This inspection took place on 25 September 2015 and was unannounced.
There was a registered manager in post. A registered manager is a person who has registered with the Care Quality Commission to manage the service. Like registered providers, they are ‘registered persons’. Registered persons have legal responsibility for meeting the requirements in the Health and Social Care Act 2008 and associated Regulations about how the service is run.
Staff understood their obligations in ensuring people were protected from the risk of abuse and knew what action to take if they had any concerns. People’s care was assessed to identify areas of risk to their wellbeing and plans were made to mitigate these risks as far as possible.
There were enough staff to support people effectively and staff recruitment processes were thorough with the necessary checks being made to ensure people who worked at the service were of suitable character. An induction and ongoing training programme was in place to support staff to develop and maintain the skills and knowledge needed to meet the assessed needs of people who used the service.
People could be assured the arrangements in place to manage their medicines were robust.
People’s consent was sought for day to day care and support tasks and staff acted in people’s best interests when they could not obtain this consent. People or their representatives were supported to make decisions about how they led their lives and wanted to be supported. Where they lacked capacity, appropriate actions had been taken to ensure decisions were made in the person’s best interests. The service was up to date with changes regarding the Deprivation of Liberty Safeguards (DoLS).
The service had a long standing working relationship with the local GP who visited the service regularly. People were supported to access a wide range of health care professionals when required.
People had enough to eat and drink and those who required more or specialised support with their nutrition received it.
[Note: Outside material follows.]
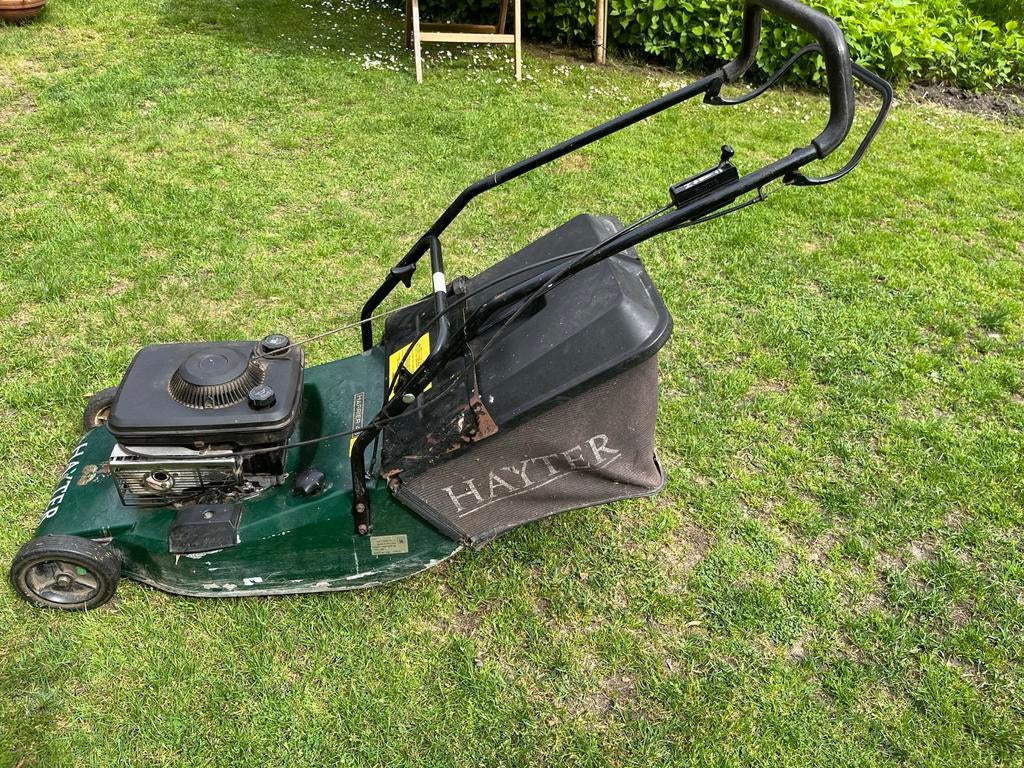 Hayter Benzine Grasmaaier met Opvangzak, Tuin en Terras, Grasmaaiers, Gebruikt, Benzine-grasmaaier, 40 t/m 49 cm, Cirkelmaaier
Activities were available and some people told us they enjoyed them. However some people were of the view that the management team could do more to promote individual engagement with people who used the service and encourage staff to do more with people who used the service. The manager agreed to meet with those who raised this issue and ensure their concerns were addressed.
Staff were observant and caring, ensuring people’s emotional needs as well as physical needs were considered, and providing people with individual support based on their specific needs and preferences.
The home was well led and managed by the manager who was effectively supported by the providers. People living in the home, their relatives and staff were complimentary about the way the home was run and had confidence in the management team. Robust systems were in place to ensure that the standard of care people received was constantly under review and improvements were made when identified.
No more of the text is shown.